Today Joel is a Community Monitoring Officer. He’s responsible for data gathering and enforcement in a Marine Protected Area (MPA) managed by the communities living on the three islands, Nuakata, Iabam and Pahelele. The MPA includes 28 monitoring stations spread across 16 different reefs, eight of them inside a No Take Zone. One of them is located at Grace Island. “Before the MPA, it was impossible to stop outsiders fishing without permission on the reef there,” Joel explains. Now, we patrol the MPA regularly and rarely find boats fishing illegally.”

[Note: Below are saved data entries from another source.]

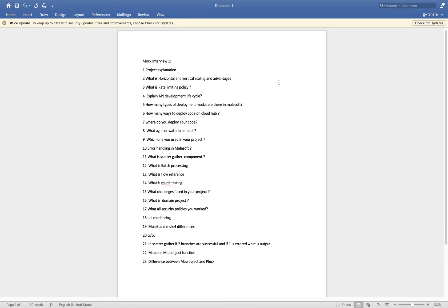Mule 3 vs Mule 4 differences — you answered perfectly, mentioning three or four important points. For CI/CD, your answer was genuine — you mentioned you have experience with Jenkins. You should also mention that you know how to use the platform, start builds, start deployments on Jenkins, and how to check logs and failures.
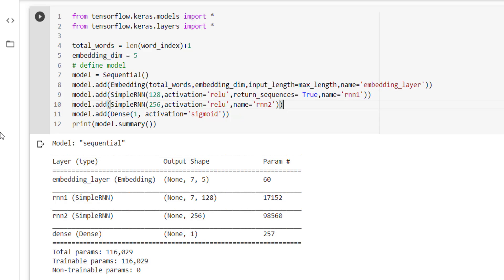In the next SimpleRNN layer we have taken 256 neurons with activation function as relu, and name equal to rnn2. After that, we have added the last layer where we have included only one neuron and activation function is sigmoid.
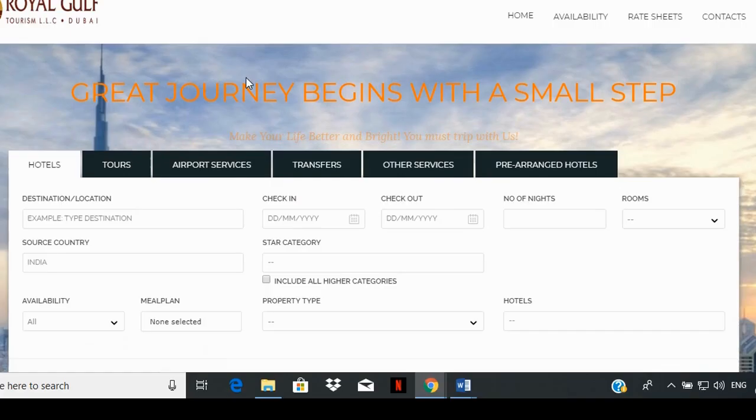And that's it. You're all done with Module 2: booking a hotel room using Royal Gulf's booking software.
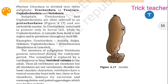Chordates are divided into sub-phyla. First is Urochordata. You also need to know Cephalochordata. The Urochordata and Cephalochordata are often referred to together as proto-chordates.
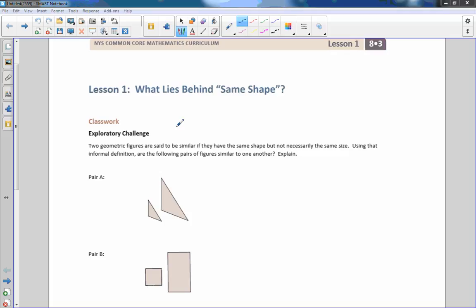Hi there, Mr. Holcomb here with another episode of The Math Behind the Modules. This is Module 3, Lesson 1: What Lies Behind Same Shape.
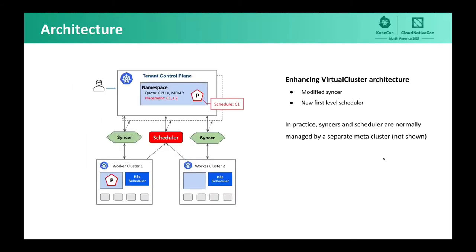The clusterless architecture is an extension of the existing Virtual Cluster architecture. In Virtual Cluster, objects are synchronized between the tenant control plane and the super cluster. As a natural extension, we create a sinker for each worker cluster and add a new scheduler that watches for worker cluster capacity changes and objects being created in the tenant control plane. The sinker can watch for multiple tenant clusters, and the same applies to the scheduler. The new architecture adds modified sinkers and a new first-level scheduler on top of Virtual Cluster. In practice, both the sinker and scheduler are managed by a separate meta-cluster.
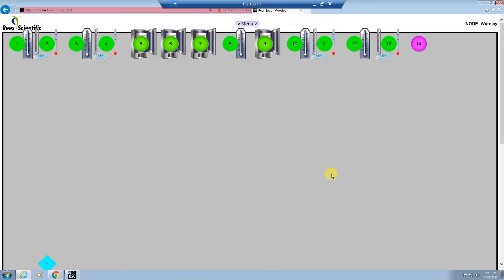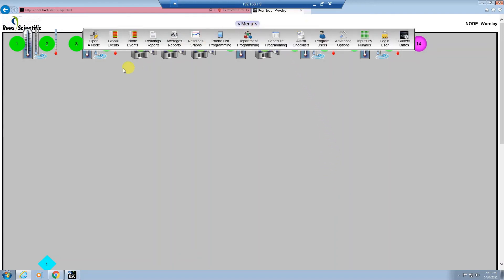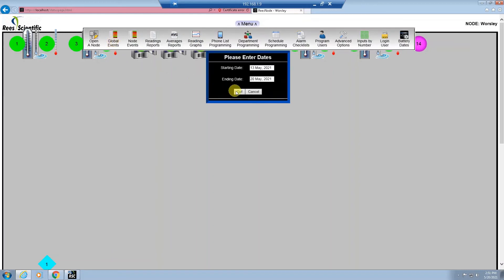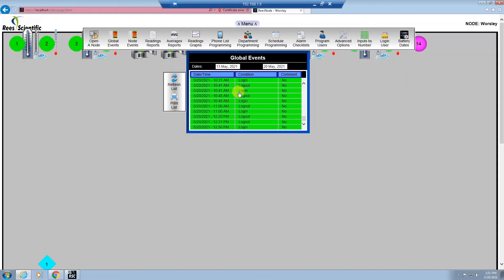To get the system reports, you need to select the menu button in the top center of the screen. To do global events, select the global events button, select your date range, and your report will show on your screen. To print this report, hit the print list icon and your report will then go into a separate window and you can hit Control+P or file print to print your report.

Joel and his colleagues have been successful in socializing their MPA with the surrounding communities, so that they understand the positive impacts of conservation on their future food security. They’ve been able to combine traditional skills with scientific knowledge to gain a better understanding of their local environment. They’ve also been able to witness firsthand the benefits of protection, from extensive new coral growth to dramatic increases in the number of sea cucumbers and fish species both inside and outside the boundaries of the MPA.
Joel is excited about everything he has learned since joining the Community Monitoring Team. He now has an encyclopedic knowledge of the species that inhabit the local marine ecosystem. He knows how to monitor shallow water transacts and next year, he and the rest of the CMT will learn how to dive so they can do deep water transacts too. They’re also developing computer skills so that they can effectively log data.
Financial and technical support for these kinds of locally driven projects is helping to secure the preservation of a high value ecosystem and the livelihoods of the communities that depend on it. Once Joel and the team are fully versed in contemporary conservation techniques, they will be able to manage the MPA independently. Already, neighbouring communities are asking about the possibility of setting up their own MPA’s to ensure the long-term viability of their fisheries.
Joel’s long-term goal is to combine his newfound skills to set up an eco-tourism operation on Grace Island – he sees conservation as the first step in achieving this. There is already a successful dive operation nearby and Milne Bay is one of the most popular destinations in Papua New Guinea. “My grandfather brought this island for an axe many years ago. My dream is to set up a dive resort – to run my own business now that I’m learning all these new things.”